Riddell was a noted art patron who, when she was young, studied under Thomas Hart Benton at the Art Students League in New York. After she married and moved to Washington DC she became active in the local arts scene. Riddell collected these pieces over 50 years, continuing a collection that her husband began before he died. Many believe that Riddell had one of the best collections of Russian enameled art in America.
Most intriguing to some is that the collection included pieces made by the firm of Carl Fabregè, though none of the famous Fabregè eggs are included. There are a few enamels from the Fabregè studio in St. Petersburg, Russia. However, the collection contains many more works, about 30 or 40, from Fabregè in Moscow.

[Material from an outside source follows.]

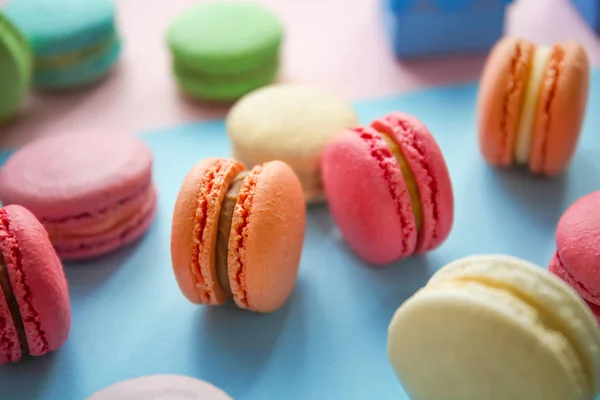 Tasty macarons on color background — Stock Photo, Image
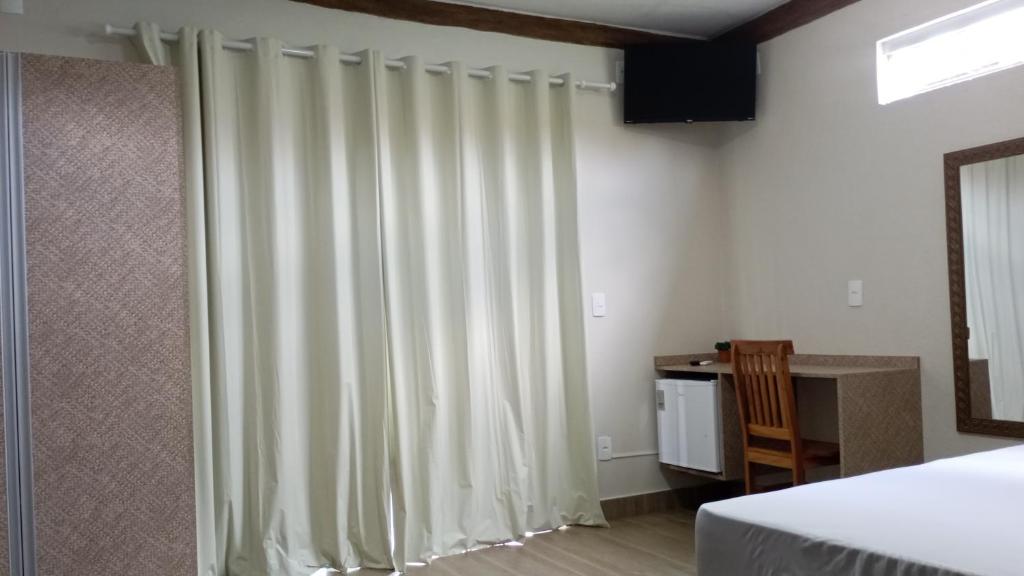 Postel nebo postele na pokoji v ubytování Pousada São José na Canastra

The Walters already owns two Fabregè Easter eggs. One is the Gatchina Palace Egg, which, when open, displays a tiny model of the Dowager Empress’s home near St. Petersburg. Another is the Rose Trellis egg, which is decorated with a vine and floral motif.
The Walters is planning a touring exhibition in 2015, which will feature pieces from this collection. But, you don’t have to wait to see the new works as the museum already has about 12 pieces on display for the public.